TriMet Reveals New Model For Efficient Electric Buses

One of TriMet’s newly unveiled electric buses runs on route 62 in Beaverton. TriMet has become the first transit agency in the United States to introduce buses that run on 100 percent renewable energy.
Photo via Wikimedia Commons

TriMet, Portland’s largest public transit company, is taking the lead in renewable technology by introducing a fleet of electric transit buses powered solely by wind turbines. On April 16, after numerous small scale tests, the first of these electric buses took to the streets.

Currently running on route 62-Murray Blvd in Beaverton, these buses are a major step towards TriMet’s goal to shift their bus fleet from diesel to renewable energy in the next 20 years. Route 62 was specially chosen for its 13-mile length and 700 ft climb in elevation to help TriMet officials assess if these battery-electric buses are a viable and economical option for system-wide expansion.

TriMet currently operates the 11th largest public transit bus fleet in the United States, with 658 buses total. 97 percent of these are standard 40-foot diesel buses around an average of seven years old. According to TriMet, these diesel buses have historically been cost-effective and reliable. On a full tank of fuel, they have sufficient range for any typical service route and can be refueled in minutes. However, the agency admits that “even low-emission buses running on a biodiesel blended fuel still rely on fossil fuels that generate emissions, contributing to climate change.”
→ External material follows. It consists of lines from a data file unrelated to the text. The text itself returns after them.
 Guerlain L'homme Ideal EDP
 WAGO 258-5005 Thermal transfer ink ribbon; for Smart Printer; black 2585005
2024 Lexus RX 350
While the company acknowledges the pitfalls of diesel fuel, they also claim that its riders avoid an estimated 210,000 car trips annually by using public transit. TriMet claims that the introduction of battery-electric buses will cut emissions even further, reducing their carbon output by 100 to 140 tons per year when compared to diesel vehicles. “TriMet’s commitment to a zero-emissions bus fleet by 2040 and support of wind power put the agency and our region at the forefront of a cleaner future,” Doug Kelsey, TriMet’s general manager, said in a statement.

Planners estimate that TriMet’s goal to shift their bus fleet away from diesel by 2040 will cost roughly 500 million dollars. TriMet was awarded a 3.4 million dollar grant last August from the Federal Transit Administration (FTA) to purchase five currently active buses that run on 100 percent renewable energy. In September 2018, the board also approved a plan to buy up to 80 additional buses in the next five or six years.
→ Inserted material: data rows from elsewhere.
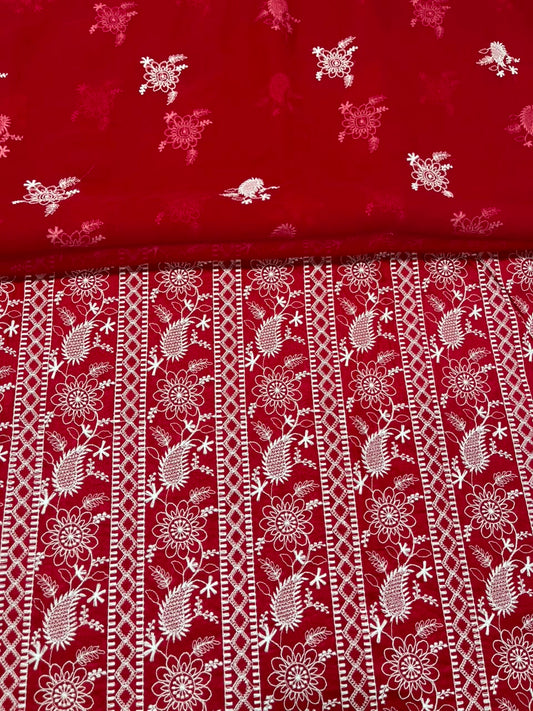 Bareeze lawn 3piece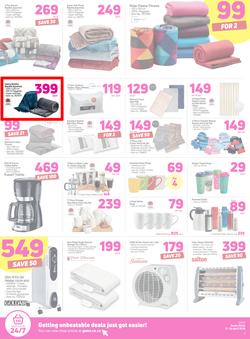 Game : You Can Always Discount On Us (11 April - 24 April 2018), page 2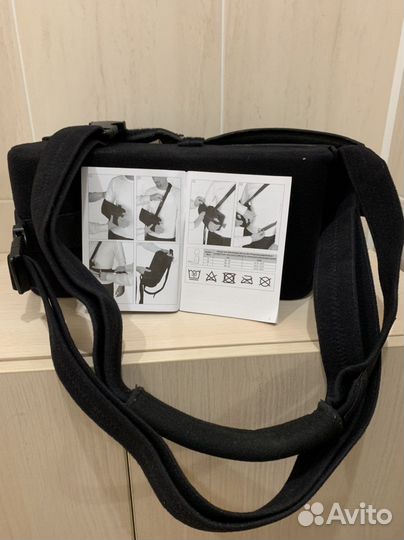 Ортез плечевой сустав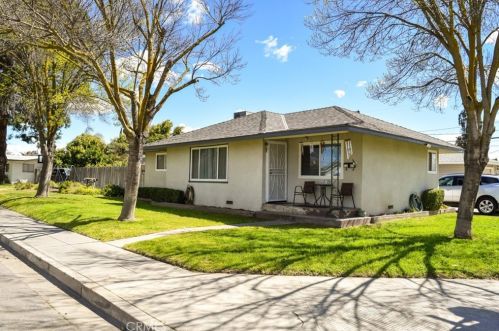 1221 Ventura Ave, Sharon, CA 93610-2247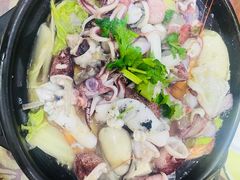 -友利砂锅居(烟台店)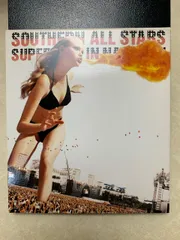3 2DVD サザンオールスターズ 1998スーパーライブin渚園 桑田佳祐 1998 スーパーライブ in 渚園｜サザンオールスターズ Official Site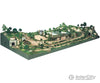 Woodland Scenics 1488 River Pass Scenery Kit Layout Kits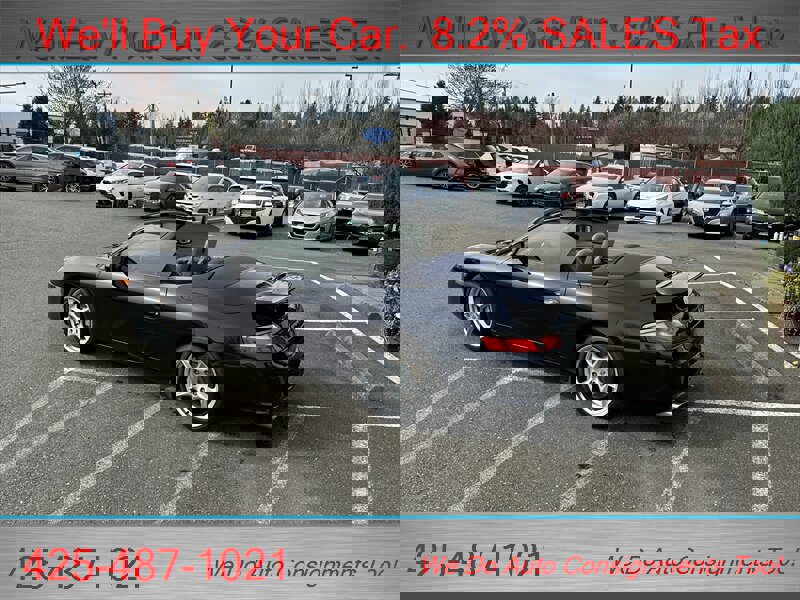 Used 2003 Porsche 911 Carrera 4 image 5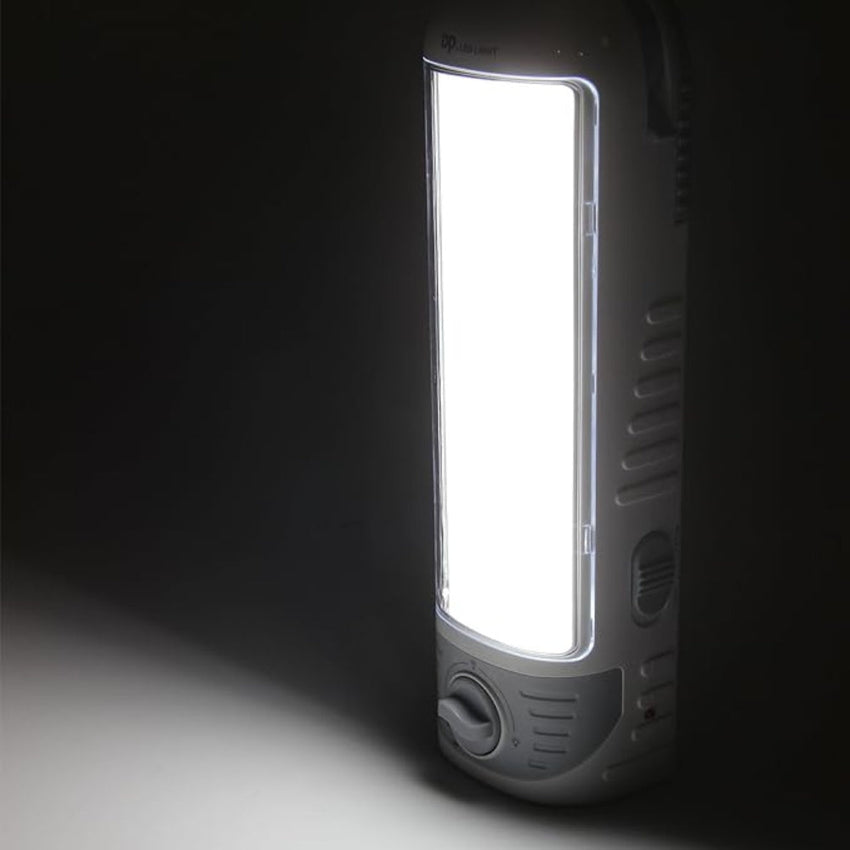 Emergency Light Led 34L Neon Rechargeable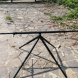 DAYKO Adventure Rod Pod Black & Black 4-5 Rods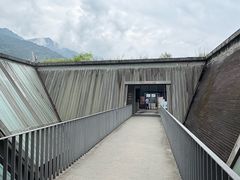 -阿坝州汶川特别旅游区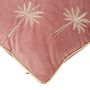 Fabric cushions - Palms - EIGHTMOOD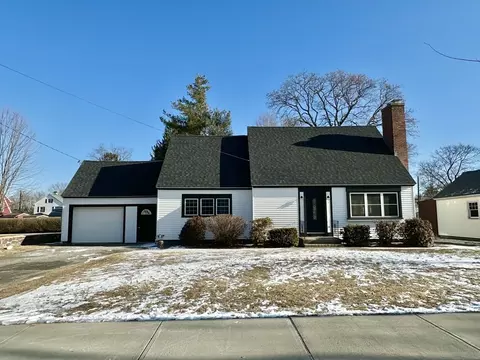 7 Avenue C, Montague, MA 01376
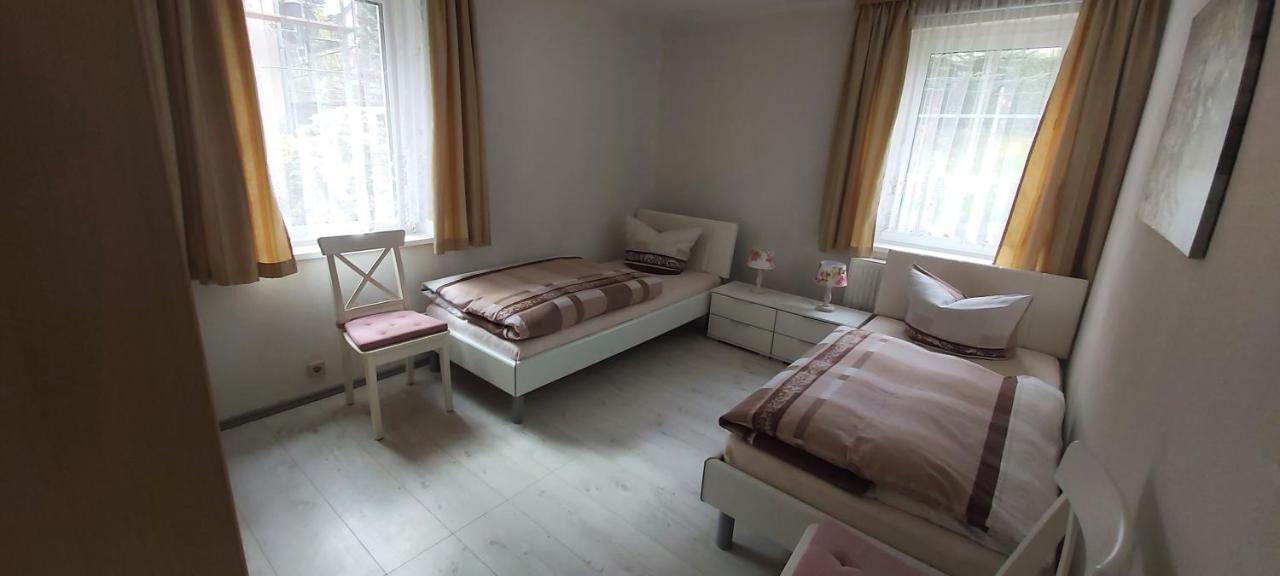 Apartment Mit 2 Schlafzimmern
Many countries, including China, have implemented electric buses into their transit systems in recent years. TriMet has announced that moving forward, they are looking into other non-diesel power alternatives including hydrogen fuel cell power and natural gas. TriMet spokesperson Roberta Altstadt asserts that Portland’s progressive view of transportation makes it an ideal place to test out these new forms of power.

TriMet is planning to deploy the electric buses on “routes hit hardest by transportation pollution,” said Meredith Connolly, director of the nonprofit Oregon Climate Solutions, at the April 16 bus unveiling. Transportation-related pollution has been an especially serious problem for neighborhoods east of 82nd, such as Lents.

TriMet has agreed to pay 228.75 dollars a month to Portland General Electric for the use of wind power. At least one fourth of energy is “guaranteed” to be sourced from Pacific Northwest wind farms. According to Kelsey, the introduction of electric buses marks just the beginning of a very complex journey for TriMet.